## Exercise brief
Reproduce exactly, and only, the lines of the material below running from the line bearing "a yellow house" through the line bearing "Colossal Carrot Cake". Leave any pictures out.

## Records for this exercise
——

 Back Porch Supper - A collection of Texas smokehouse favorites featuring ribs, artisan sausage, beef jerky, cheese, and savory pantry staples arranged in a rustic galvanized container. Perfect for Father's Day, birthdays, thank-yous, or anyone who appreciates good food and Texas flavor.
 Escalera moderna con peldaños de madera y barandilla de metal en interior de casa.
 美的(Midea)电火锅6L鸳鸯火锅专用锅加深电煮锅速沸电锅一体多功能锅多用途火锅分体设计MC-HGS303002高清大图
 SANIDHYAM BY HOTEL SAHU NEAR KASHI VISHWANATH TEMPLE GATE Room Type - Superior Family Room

——

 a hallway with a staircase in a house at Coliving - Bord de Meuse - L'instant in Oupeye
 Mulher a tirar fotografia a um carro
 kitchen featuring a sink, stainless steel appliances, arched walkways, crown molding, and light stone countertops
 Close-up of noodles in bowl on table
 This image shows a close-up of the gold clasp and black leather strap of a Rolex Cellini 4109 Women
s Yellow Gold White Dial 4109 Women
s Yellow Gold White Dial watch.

——

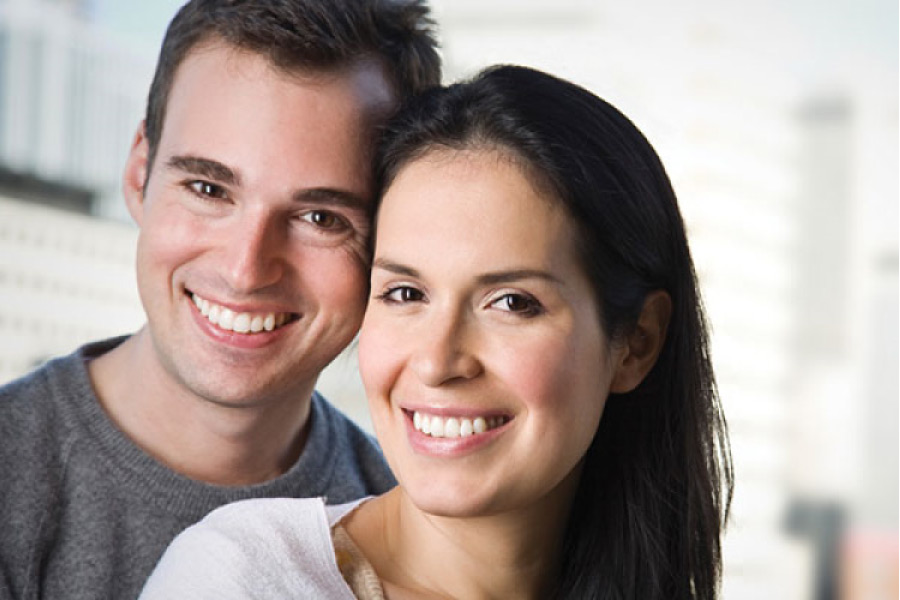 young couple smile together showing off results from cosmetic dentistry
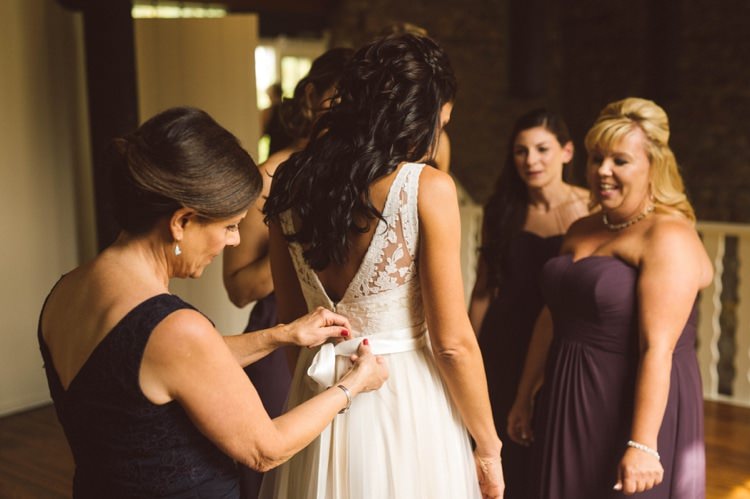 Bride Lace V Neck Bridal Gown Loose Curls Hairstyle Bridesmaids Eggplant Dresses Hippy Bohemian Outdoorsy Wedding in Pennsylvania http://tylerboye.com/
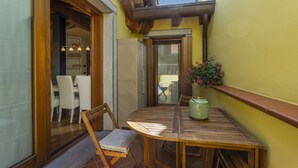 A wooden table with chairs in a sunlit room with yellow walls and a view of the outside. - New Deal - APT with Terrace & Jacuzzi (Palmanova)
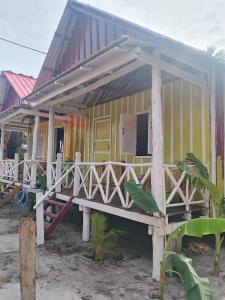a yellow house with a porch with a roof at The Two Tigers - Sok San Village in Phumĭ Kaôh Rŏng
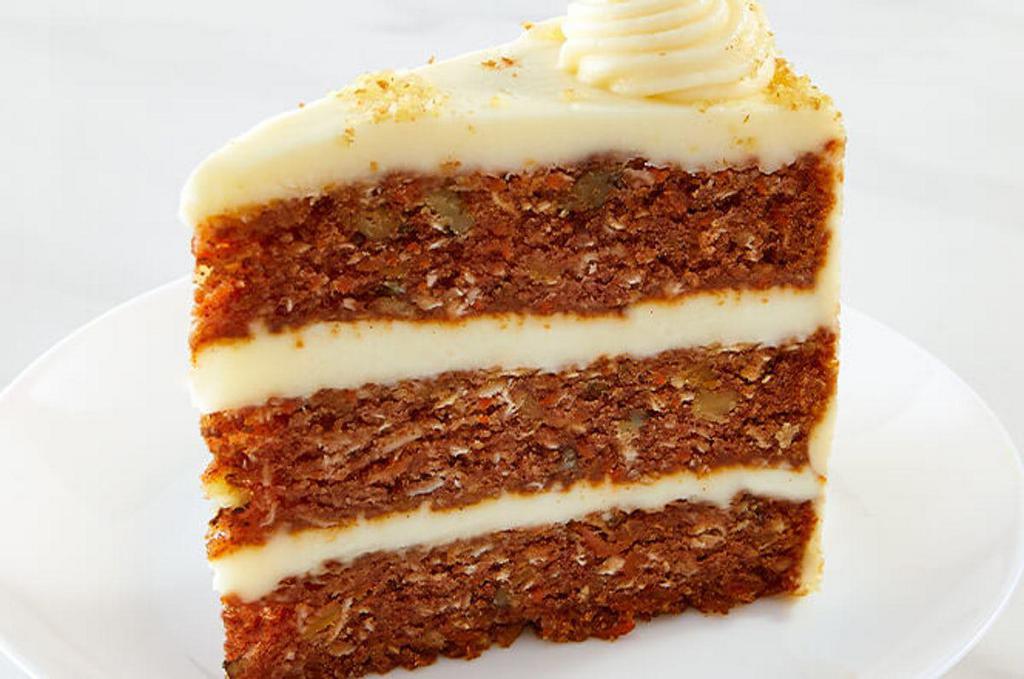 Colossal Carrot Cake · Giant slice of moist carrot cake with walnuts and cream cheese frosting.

——

## Result
a yellow house with a porch with a roof at The Two Tigers - Sok San Village in Phumĭ Kaôh Rŏng
 Colossal Carrot Cake · Giant slice of moist carrot cake with walnuts and cream cheese frosting.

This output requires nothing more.